You were so drunk last night you typed www.face.come/cheese.com as if you were logging into facebook.
I think a girl in front of me glued an ugg tag to a weird pair of boots.
I want to drop kick Stephanie Meyer
you spelled her name wrong
not you too!!
dude last night I threw my weed into my back yard. there is now a foot of snow. after an hour I found my weed. if I put that effort into school, i'd have a 4.0.
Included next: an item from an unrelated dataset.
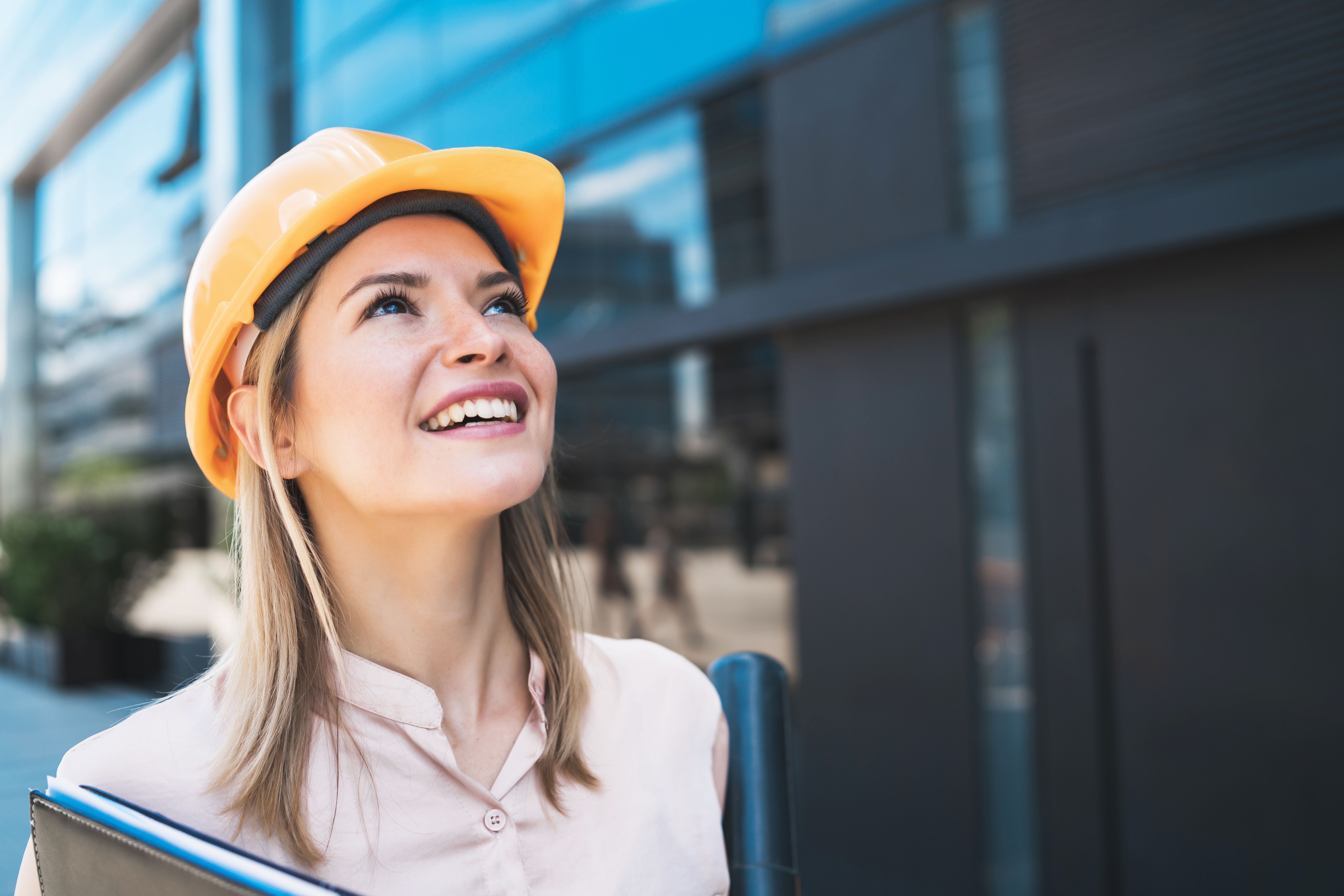 Professional architect woman standing outdoors. Professional architect woman standing outdoors.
Its 11am everyones wasted wearing sombreros and eating fresh produce..cesar chavez would be very proud
i just realized the only form of arm exercise i get is holding my arms up in the stand up tanning booth
He left his shoes, boxers and socks at my house & managed to walk home to his dorm without realizing anything was missing until 3 days after. That's the last time i'll ever hook up with a freshman.
Is "incoherent" a legit goal to strive for tonight? Or should I stay sober enough to fuck who I can?
Man...I want to get monumentally fucked tonight.
I really enjoy how cavalier you're being about your chlamydia
he told me to take care of him and then he asked me to walk him to his hotel. I already have a pussy. I don't need another one
He'll only communicate through snapchat with pictures of him holding his cat or his dick. Bit of Russian roulette opening them in public but I did it anyway.
It looks like I jerked off a rainbow.
Its like your face is a pile of corn and I'm a chicken
...What??
There is way too much butt cleavage here for a formal event.